CASTLE BROMWICH CHURCH
Castle Bromwich which is today a fairly undistinguished suburb of Birmingham squashed up next to the M6 was once a rural village of Warwickshire and, indeed, probably pre-dates its large neighbour – interestingly Birmingham is said to have evolved from “Bromwicham” implying that Castle Bromwich (and West Bromwich nearby) have kept the original name.
The Church in Castle Bromwich probably dates from the same time as the Castle – from which the area gets its name. In 1165 the area was granted to Tickford Priory and in 1175 a Norman chapel here is mentioned being dedicated to St. Mary. It seems probably that the church was founded by either Wido de Bramewic or Alan de Bromwych – both of who took the name of the area for their own.
It seems that this first church may have been a private chapel for the Lord of the Manor, but at some point in the Norman period it seems to have been enlarged as the Parish church.
It is not altogether clear what form the medieval church would have taken, but there is an engraving from around 1700 which shows a half-timbered addition to the church which was added at its west end in the 15th Century, the other half of the church is stone built but its age is very difficult to determine.
By the 15th Century the castle had long since gone (now being just earthworks) and the nearby village of Birmingham was beginning to grow. In 1657 Orlando Bridgeman bought Castle Bromwich Hall, estate and church for his son, Sir John. His son, another Sir John, inherited in 1710 and he was responsible for the massive rebuild of Castle Bromwich Hall (much as it stands today) and for laying out the Hall Gardens (again as they have now been recreated). He also ordered the Church to be rebuilt. First off the new tower was built, around 1725. Then over the next 10 years the whole of the rest of the church was rebuilt in the then highly popular neo-classical style, the architect being thought to be William White from Worcester.
Although not readily apparent – and actually forgotten about until 1890 - the original church was not removed, remodelled or demolished, but actually built around – the new brickwork being laid directly on top of the existing stonework. This makes Castle Bromwich a rare English example of the phenomenon known as a “church within a church”.

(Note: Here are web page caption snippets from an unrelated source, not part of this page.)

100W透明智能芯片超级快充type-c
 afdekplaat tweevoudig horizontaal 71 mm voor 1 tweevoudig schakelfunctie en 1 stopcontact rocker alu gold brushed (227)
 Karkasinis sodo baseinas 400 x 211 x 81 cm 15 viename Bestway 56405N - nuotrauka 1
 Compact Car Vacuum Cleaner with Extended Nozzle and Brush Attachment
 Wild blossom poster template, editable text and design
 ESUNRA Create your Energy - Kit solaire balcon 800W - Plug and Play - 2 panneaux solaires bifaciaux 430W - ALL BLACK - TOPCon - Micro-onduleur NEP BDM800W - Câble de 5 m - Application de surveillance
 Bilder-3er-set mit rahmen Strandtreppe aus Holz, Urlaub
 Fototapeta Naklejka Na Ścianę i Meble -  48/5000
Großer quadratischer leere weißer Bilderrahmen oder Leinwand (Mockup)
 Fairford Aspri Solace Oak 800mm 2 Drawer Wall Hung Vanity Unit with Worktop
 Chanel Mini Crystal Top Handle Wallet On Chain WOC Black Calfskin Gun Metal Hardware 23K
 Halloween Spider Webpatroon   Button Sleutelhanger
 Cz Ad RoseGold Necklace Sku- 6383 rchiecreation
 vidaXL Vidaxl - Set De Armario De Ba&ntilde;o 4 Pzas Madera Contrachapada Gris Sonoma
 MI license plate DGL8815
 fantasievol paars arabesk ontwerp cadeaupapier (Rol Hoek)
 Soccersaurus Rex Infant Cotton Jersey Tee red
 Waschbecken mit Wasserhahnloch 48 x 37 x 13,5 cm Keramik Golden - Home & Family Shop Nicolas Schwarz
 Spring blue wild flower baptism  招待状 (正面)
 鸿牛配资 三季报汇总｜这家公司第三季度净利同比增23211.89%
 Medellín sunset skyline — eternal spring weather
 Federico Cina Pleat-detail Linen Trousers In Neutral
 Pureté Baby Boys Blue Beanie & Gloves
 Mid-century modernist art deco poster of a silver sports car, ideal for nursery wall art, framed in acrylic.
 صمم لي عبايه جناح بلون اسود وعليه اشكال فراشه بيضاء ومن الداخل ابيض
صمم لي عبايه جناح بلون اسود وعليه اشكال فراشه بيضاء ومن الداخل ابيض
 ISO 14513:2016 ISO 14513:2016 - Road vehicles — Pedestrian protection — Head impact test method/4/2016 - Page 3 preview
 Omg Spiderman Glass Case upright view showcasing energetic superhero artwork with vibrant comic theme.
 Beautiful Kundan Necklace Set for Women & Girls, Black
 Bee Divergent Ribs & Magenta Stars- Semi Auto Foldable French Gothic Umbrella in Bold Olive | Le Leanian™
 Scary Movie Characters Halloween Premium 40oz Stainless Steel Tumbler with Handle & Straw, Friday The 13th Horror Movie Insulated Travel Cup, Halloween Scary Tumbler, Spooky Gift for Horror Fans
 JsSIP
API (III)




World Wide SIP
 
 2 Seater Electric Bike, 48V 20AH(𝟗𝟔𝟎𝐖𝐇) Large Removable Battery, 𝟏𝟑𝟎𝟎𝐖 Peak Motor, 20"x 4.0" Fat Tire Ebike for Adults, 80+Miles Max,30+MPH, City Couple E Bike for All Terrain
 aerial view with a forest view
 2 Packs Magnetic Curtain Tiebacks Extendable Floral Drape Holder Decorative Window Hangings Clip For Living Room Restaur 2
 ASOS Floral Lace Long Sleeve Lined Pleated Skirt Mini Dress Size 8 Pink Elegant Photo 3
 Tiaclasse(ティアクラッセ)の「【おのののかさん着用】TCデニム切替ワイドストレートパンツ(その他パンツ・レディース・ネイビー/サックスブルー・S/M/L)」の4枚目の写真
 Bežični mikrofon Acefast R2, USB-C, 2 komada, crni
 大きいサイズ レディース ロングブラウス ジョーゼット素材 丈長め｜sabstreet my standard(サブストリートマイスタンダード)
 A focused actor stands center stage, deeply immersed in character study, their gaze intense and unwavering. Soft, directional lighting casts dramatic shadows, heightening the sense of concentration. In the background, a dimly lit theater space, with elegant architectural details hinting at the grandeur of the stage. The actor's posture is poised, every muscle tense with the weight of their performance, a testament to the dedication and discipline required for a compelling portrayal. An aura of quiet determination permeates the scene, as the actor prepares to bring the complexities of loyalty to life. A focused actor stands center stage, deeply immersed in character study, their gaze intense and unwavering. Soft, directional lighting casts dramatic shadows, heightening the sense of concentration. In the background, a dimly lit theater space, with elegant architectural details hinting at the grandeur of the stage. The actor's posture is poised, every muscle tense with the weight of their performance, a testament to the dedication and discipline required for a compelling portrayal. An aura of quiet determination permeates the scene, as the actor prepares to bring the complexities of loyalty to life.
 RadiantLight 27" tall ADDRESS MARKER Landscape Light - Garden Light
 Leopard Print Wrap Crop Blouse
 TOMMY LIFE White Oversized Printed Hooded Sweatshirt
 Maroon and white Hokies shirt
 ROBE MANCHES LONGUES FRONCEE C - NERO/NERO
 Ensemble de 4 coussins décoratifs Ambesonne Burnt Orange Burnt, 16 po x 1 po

Oddly this hidden church was not discovered until local architect Charles Bateman began looking at the church with curiosity around 1890. He was suspicious of the size of the church and began by peeling away some of the interior woodwork in the chancel. He found behind it the original medieval stone. By this time Bateman was on a mission – he clambered up in the roof of the bellringing chamber and began picking away at the 18th Century work. Behind it the posts and wooden roof of the medieval church were preserved. This truly was a church within a chuch – with the stone church having encased in brick and wood.
Unusually Castle Bromwich Church escaped Victorian restoration and it has allowed both the medieval and the neo-Classical versions of the church to survive to this day. The survival seems to be because the Bridgeman family lost interest in the Hall, Church and Estate and moved off to Shropshire, so no money was spent on renovation here – which has allowed us today to have the Jacobean Hall, the layouts for the original gardens and this odd church which is unimpressive to look at but very curious when you look deeper.
Charles Bateman, the discoverer of this oddity, is now lying buried in the churchyard at Castle Bromwich, perhaps very appropriately. It is a shame, perhaps, that today Castle Bromwich is so uninvitingly squeezed in between other Birmingham suburbs and the M6 as it thunders northwards.